If you want more variety in your year and have grown bored with your home town, then you might want to change how you view it. Don’t be afraid to join a tour, peruse the local events in your local newspaper, or research “Top 20 Things To Do In LA” – there really is no loss for being curious. Personally, I’ve decided to do every hike in L.A., and just this last week discover a waterfall only 20 minutes from my house. You never know what wonders you might find.
Research your family tree
Whether your family has lived in a town for centuries or you’ve immigrated from around the world, there’s a plethora of interesting tales hidden in your family heritage. Talk to your family members, visit the city’s historical society, or search online for the origins of your surname. Even if you don’t discover you’re related to Slavic royalty or great grandparents were war heroes, you may come up with some new travel ideas, whether its a small village in Germany where you grandparents met or a ethnicity you didn’t know you were a part of.
Learn to cook a foreign meal
This one can fulfill a few major resolutions depending on how you do it. There are millions upon millions of recipes online from all over the world, and beyond a few imperative ingredients, most can be made right from your kitchen. Just by making this meal, you’re exposing yourself to a new culture, sating your wanderlust, while also giving you the chance to change your diet up a bit. It’s not going vegan, but it does open up options for new, and possibly even healthier, diets.
Go a few steps further and visit a local market, whether it be a farmers or ethnic market, and expose yourself to bartering with . You may even get the chance to learn a few words in a new language.
Go to Chinatown (Or your city’s equivalent)
Every major city has ethnically divided districts, from the Jewish Quarter of Prague to Los Angeles’s Little Tokyo. Though they’re somewhat seen as tourist traps, they still have a rich heritage and culture embedded in the lanes and architecture. If you’ve never been, it’s well worth the opportunity; in one trip you could sample some new foods, learn a bit of a new language, and expose you to a thriving culture that’s just a few freeway exit’s away.
Travel as far as you can in one weekend
Weekends are for adventures, but most of us just laze back into the same old routines (sleep in on Saturday, laundry on Sunday, etc.). Depending on the time of year the roads may be packed with drivers heading out of town or deserted as people huddle at home with Netflix. Whatever the scenario, the weekend is the perfect time to travel, and the real meat for your to sink your wanderlust teeth into.
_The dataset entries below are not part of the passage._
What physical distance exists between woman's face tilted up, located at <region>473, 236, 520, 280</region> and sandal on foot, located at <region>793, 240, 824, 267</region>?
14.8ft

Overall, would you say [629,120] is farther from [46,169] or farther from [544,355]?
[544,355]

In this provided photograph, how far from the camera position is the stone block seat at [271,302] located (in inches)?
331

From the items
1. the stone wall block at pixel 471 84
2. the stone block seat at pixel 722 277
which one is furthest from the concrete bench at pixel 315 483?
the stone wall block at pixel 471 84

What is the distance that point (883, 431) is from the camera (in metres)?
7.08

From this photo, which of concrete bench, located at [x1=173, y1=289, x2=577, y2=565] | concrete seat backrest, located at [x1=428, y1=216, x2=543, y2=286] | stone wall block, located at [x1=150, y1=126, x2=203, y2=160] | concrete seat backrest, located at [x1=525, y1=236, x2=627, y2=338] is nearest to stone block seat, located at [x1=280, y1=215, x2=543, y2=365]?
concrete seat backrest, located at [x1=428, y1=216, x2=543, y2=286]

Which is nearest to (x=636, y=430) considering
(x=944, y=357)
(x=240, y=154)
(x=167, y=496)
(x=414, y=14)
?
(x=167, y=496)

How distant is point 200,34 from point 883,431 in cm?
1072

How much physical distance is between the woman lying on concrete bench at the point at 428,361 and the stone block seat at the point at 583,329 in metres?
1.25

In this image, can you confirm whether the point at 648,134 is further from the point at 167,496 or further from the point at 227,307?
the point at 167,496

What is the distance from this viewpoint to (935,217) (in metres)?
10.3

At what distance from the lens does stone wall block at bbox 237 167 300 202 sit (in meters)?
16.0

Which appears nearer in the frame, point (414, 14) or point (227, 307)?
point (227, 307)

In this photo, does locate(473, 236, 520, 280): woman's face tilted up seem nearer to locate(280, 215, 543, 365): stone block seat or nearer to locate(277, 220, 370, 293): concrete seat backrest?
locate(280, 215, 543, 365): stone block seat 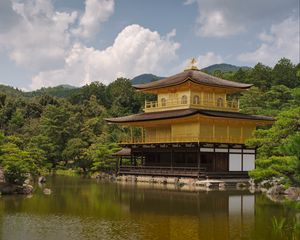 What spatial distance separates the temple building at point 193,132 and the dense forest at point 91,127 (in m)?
4.31

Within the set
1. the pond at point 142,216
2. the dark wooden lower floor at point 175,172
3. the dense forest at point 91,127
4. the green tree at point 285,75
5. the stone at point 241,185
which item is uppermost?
the green tree at point 285,75

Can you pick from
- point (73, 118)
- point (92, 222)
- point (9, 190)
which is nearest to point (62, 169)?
point (73, 118)

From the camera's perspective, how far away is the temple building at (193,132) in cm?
4122

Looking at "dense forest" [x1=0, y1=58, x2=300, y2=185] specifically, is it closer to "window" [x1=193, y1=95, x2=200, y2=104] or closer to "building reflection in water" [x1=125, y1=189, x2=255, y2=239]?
"building reflection in water" [x1=125, y1=189, x2=255, y2=239]

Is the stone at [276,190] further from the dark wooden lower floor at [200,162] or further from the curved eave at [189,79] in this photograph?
the curved eave at [189,79]

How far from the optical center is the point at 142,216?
21203mm

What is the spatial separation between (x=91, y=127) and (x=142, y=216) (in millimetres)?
44460

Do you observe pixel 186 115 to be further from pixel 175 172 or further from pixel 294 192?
pixel 294 192

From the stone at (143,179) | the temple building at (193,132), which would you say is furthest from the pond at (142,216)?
the stone at (143,179)

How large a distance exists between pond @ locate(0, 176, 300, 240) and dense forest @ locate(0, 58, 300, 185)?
2.87 metres

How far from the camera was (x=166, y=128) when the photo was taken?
46094mm

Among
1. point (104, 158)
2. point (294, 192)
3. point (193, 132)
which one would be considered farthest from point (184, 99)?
point (294, 192)

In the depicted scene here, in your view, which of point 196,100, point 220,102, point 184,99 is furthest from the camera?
point 220,102

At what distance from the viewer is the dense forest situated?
2878 cm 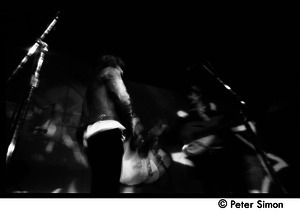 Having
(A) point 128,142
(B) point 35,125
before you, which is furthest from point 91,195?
(B) point 35,125

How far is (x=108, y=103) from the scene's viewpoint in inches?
76.7

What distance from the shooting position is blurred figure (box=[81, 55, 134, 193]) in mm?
1653

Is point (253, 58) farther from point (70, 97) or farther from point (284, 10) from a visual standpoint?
point (70, 97)

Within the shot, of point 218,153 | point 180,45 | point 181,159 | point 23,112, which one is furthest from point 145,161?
point 180,45

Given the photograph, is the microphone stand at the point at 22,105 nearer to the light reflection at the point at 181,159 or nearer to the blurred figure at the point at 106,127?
the blurred figure at the point at 106,127

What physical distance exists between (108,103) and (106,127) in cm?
27

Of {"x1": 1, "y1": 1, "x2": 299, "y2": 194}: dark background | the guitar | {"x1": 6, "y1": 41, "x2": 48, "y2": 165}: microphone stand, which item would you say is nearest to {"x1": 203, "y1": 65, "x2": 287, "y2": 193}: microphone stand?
{"x1": 1, "y1": 1, "x2": 299, "y2": 194}: dark background

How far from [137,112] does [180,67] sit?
4.41ft

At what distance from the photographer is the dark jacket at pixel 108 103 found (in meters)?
1.89

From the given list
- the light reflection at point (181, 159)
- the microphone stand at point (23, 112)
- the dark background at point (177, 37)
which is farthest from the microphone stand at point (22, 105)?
the light reflection at point (181, 159)

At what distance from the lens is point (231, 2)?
134 inches

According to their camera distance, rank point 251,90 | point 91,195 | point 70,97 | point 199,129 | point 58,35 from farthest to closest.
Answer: point 251,90, point 199,129, point 58,35, point 70,97, point 91,195

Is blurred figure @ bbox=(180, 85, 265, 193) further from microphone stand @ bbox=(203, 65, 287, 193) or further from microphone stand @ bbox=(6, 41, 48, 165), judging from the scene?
microphone stand @ bbox=(6, 41, 48, 165)

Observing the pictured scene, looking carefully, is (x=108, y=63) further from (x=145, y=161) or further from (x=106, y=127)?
(x=145, y=161) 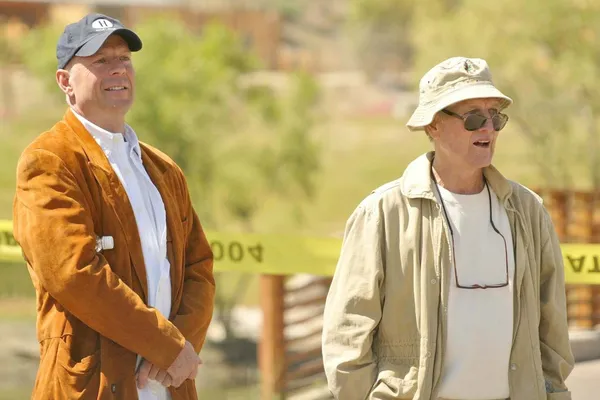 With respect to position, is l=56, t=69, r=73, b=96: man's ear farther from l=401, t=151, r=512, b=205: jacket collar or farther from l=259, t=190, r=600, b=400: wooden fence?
l=259, t=190, r=600, b=400: wooden fence

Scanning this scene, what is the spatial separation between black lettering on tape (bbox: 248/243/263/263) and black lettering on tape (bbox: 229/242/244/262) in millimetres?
55

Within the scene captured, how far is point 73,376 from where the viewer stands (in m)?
3.14

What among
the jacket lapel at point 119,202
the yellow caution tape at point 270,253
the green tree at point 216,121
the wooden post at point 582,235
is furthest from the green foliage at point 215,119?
the jacket lapel at point 119,202

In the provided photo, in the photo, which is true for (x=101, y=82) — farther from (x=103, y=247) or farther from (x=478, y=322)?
(x=478, y=322)

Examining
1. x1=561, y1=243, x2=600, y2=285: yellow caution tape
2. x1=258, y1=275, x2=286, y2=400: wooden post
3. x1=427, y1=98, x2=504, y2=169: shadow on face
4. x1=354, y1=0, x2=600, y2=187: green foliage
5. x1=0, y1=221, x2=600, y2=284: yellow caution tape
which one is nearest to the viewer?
x1=427, y1=98, x2=504, y2=169: shadow on face

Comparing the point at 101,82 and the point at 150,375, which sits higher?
the point at 101,82

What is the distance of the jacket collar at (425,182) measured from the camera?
320cm

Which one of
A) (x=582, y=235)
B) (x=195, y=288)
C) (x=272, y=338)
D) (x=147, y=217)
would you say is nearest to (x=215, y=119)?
(x=582, y=235)

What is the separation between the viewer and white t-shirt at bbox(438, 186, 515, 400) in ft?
10.3

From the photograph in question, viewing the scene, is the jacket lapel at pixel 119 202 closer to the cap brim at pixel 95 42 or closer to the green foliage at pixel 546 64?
the cap brim at pixel 95 42

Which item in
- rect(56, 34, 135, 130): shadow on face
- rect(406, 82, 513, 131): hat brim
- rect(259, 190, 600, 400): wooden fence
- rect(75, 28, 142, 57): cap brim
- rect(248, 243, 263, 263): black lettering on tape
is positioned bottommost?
rect(259, 190, 600, 400): wooden fence

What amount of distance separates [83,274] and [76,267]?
0.09 feet

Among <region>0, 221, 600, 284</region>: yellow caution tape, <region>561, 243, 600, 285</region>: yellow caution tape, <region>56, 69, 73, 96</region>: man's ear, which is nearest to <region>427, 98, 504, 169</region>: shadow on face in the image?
<region>56, 69, 73, 96</region>: man's ear

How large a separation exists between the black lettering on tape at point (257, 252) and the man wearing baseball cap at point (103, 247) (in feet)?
8.77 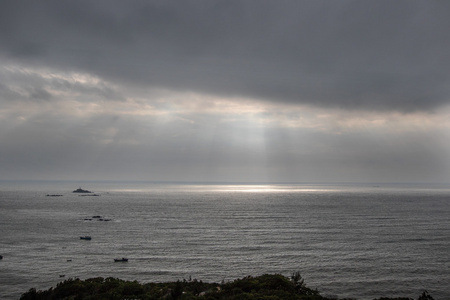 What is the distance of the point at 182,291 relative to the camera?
39.9 m

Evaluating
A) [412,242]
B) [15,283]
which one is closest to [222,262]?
[15,283]

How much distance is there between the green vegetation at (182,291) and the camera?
36.5 metres

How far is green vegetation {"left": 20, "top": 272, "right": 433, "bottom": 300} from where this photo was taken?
3653 cm

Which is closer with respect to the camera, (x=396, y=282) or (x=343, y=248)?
(x=396, y=282)

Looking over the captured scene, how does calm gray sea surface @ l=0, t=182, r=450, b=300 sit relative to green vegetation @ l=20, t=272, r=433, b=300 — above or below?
below

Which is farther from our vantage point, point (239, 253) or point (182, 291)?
point (239, 253)

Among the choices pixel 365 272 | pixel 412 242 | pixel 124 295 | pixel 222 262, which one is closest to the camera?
pixel 124 295

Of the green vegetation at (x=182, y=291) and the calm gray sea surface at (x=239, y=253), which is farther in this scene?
the calm gray sea surface at (x=239, y=253)

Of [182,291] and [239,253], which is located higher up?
[182,291]

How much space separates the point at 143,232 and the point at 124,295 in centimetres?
6263

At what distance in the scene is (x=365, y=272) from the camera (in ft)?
187

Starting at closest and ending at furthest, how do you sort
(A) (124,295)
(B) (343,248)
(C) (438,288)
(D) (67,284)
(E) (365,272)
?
(A) (124,295)
(D) (67,284)
(C) (438,288)
(E) (365,272)
(B) (343,248)

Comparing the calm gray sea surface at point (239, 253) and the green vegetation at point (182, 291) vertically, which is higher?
the green vegetation at point (182, 291)

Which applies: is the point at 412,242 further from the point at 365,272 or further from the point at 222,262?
the point at 222,262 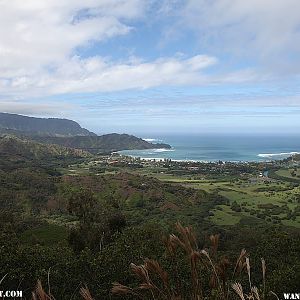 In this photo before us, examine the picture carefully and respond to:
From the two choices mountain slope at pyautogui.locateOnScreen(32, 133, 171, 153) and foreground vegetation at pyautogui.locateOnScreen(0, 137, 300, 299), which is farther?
mountain slope at pyautogui.locateOnScreen(32, 133, 171, 153)

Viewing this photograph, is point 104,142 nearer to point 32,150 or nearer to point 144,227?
point 32,150

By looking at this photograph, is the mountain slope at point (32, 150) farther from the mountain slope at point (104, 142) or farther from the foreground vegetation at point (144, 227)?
the mountain slope at point (104, 142)

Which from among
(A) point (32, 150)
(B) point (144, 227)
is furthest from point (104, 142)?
(B) point (144, 227)

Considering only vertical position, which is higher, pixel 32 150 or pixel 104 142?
pixel 104 142

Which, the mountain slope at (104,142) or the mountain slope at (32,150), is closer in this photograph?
the mountain slope at (32,150)

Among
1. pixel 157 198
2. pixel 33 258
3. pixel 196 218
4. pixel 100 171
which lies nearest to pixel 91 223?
pixel 33 258

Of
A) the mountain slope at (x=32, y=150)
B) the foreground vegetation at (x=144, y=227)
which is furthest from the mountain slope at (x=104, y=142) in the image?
the foreground vegetation at (x=144, y=227)

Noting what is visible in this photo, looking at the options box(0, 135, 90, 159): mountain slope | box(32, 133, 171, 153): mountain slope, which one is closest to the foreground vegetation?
box(0, 135, 90, 159): mountain slope

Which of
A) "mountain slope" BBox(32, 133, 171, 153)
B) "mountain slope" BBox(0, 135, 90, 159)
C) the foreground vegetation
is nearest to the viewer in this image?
the foreground vegetation

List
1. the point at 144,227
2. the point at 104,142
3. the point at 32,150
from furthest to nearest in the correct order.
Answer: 1. the point at 104,142
2. the point at 32,150
3. the point at 144,227

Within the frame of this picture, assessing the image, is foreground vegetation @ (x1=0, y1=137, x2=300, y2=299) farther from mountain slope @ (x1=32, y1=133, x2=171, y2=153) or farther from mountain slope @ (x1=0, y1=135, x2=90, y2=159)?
mountain slope @ (x1=32, y1=133, x2=171, y2=153)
You may not be able to travel to Europe (though, with some travel sites, you might get a great discount on a flight to London), but you can go as far as your gas tank can take you. If I left work right this moment, I could be in Yellowstone in 14 hours. After just a quick night at a motel in Idaho Falls or Jackson, I could be walking along the Grand Prismatic Hot Springs instead of sorting my socks.
And if you don’t want to break the bank on gas, just look for local national parks and attractions just outside your city. Circle on a map (or drop pins on Google’s) and see how many you can hit in two days.
If you need more motivation, then watch this clip from Parks and Recs where Andy and April drive 30 hours straight from Pawnee, Indiana to the Grand Canyon
Wanderlust doesn’t have to be a month in France or flights to Iceland. Instead of devoting your whole year to one big trip, take in the local attractions with a series of mini-trips, whether to Chinatown or Niagara Falls, crossing New Years Resolutions off without any stress.